The relational library from the last two lessons handles well-shaped rows. A lot of the web is not well-shaped. Doug Cutting open-sourced Hadoop in 2006 at Yahoo to crunch search-index data across a thousand commodity disks, and teams running on Hadoop started saving each record as a fat JSON blob because schema migrations across a thousand boxes were a nightmare. Amazon published its Dynamo paper in October 2007, arguing that for a planet-scale shopping cart you trade some consistency to get more availability. Dwight Merriman and Eliot Horowitz at 10gen in New York shipped MongoDB in 2009. That summer Johan Oskarsson organized the "NoSQL Meetup" in San Francisco, and the crowd at the meetup — Cassandra from Facebook, Redis from Salvatore Sanfilippo, CouchDB from Damien Katz — took the name. NoSQL became shorthand for a family of stores that gave up SQL and schemas and joins in exchange for flexible documents, horizontal scale, or both.

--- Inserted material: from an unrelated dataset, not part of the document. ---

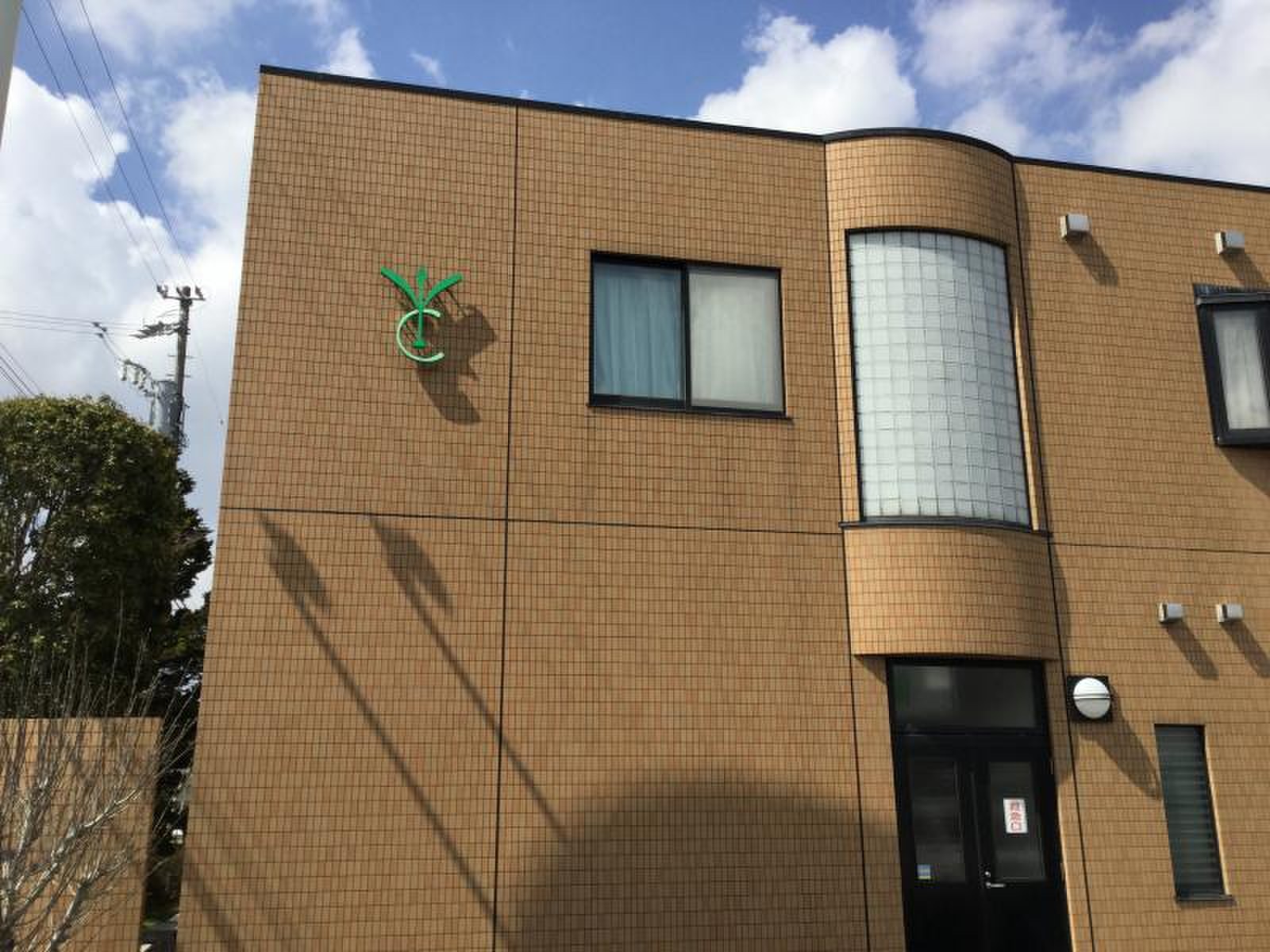 セジュール・S(静岡県掛川市上西郷)の物件情報｜いい部屋ネットの大東建託リーシング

A rigid SQL row on the left, two flexible JSON documents on the right.

Start a project folder.

cd ~/learning-python
mkdir poker-docs
cd poker-docs
python3 -m venv .venv
source .venv/bin/activate

cd $HOME\learning-python
mkdir poker-docs
cd poker-docs
py -m venv .venv
.venv\Scripts\Activate.ps1

Act 1: build a document store from scratch. The store lives in a single JSON file on disk. Every write reads the file, mutates the Python list, and writes the file back. That is slow. It is also exactly how MongoDB worked on its first day, scaled up — a running process holding documents in memory and flushing them to a file. Your version loads the whole file on every call. MongoDB keeps it in a memory-mapped region and streams only the dirty pages. The shape is the same. Write doc_store.py.

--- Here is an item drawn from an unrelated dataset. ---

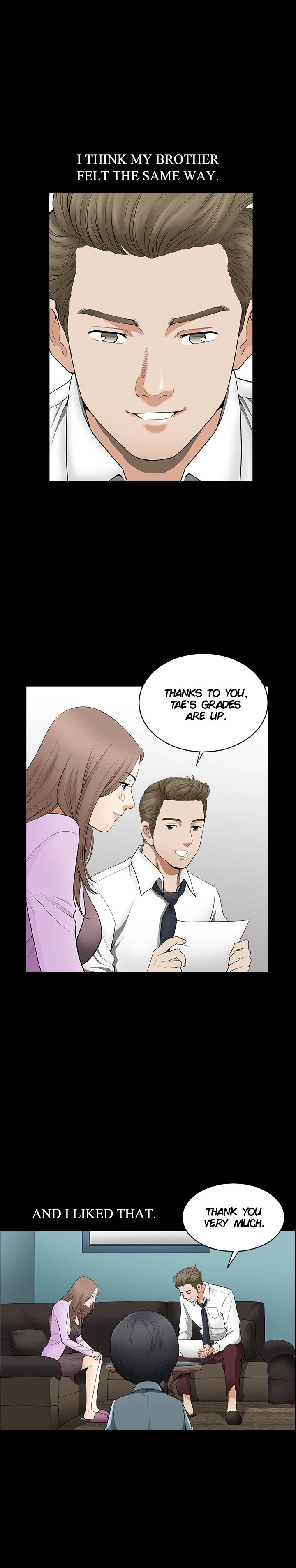 Chapter 2, page 12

from __future__ import annotations
import json
import uuid
from pathlib import Path
from typing import Any, Callable
 
 
Document = dict[str, Any]
Predicate = Callable[[Document], bool]
 
 
class DocStore:
    def __init__(self, path: str | Path) -> None:
        self.path = Path(path)
        if not self.path.exists():
            self.path.write_text("[]", encoding="utf-8")
 
    def _read(self) -> list[Document]:
        return json.loads(self.path.read_text(encoding="utf-8"))
 
    def _write(self, docs: list[Document]) -> None:
        self.path.write_text(json.dumps(docs, indent=2), encoding="utf-8")
        print("--- file now ---")
        print(self.path.read_text(encoding="utf-8"))
 
    def insert(self, doc: Document) -> Document:
        docs = self._read()
        stored = {"_id": str(uuid.uuid4())[:8], **doc}
        docs.append(stored)
        self._write(docs)
        return stored
 
    def find(self, predicate: Predicate) -> list[Document]:
        return [d for d in self._read() if predicate(d)]
 
    def find_one(self, predicate: Predicate) -> Document | None:
        for d in self._read():
            if predicate(d):
                return d
        return None
 
    def update(self, predicate: Predicate, changes: Document) -> int:
        docs = self._read()
        count = 0
        for d in docs:
            if predicate(d):
                d.update(changes)
                count += 1
        self._write(docs)
        return count
 
    def delete(self, predicate: Predicate) -> int:
        docs = self._read()
        kept = [d for d in docs if not predicate(d)]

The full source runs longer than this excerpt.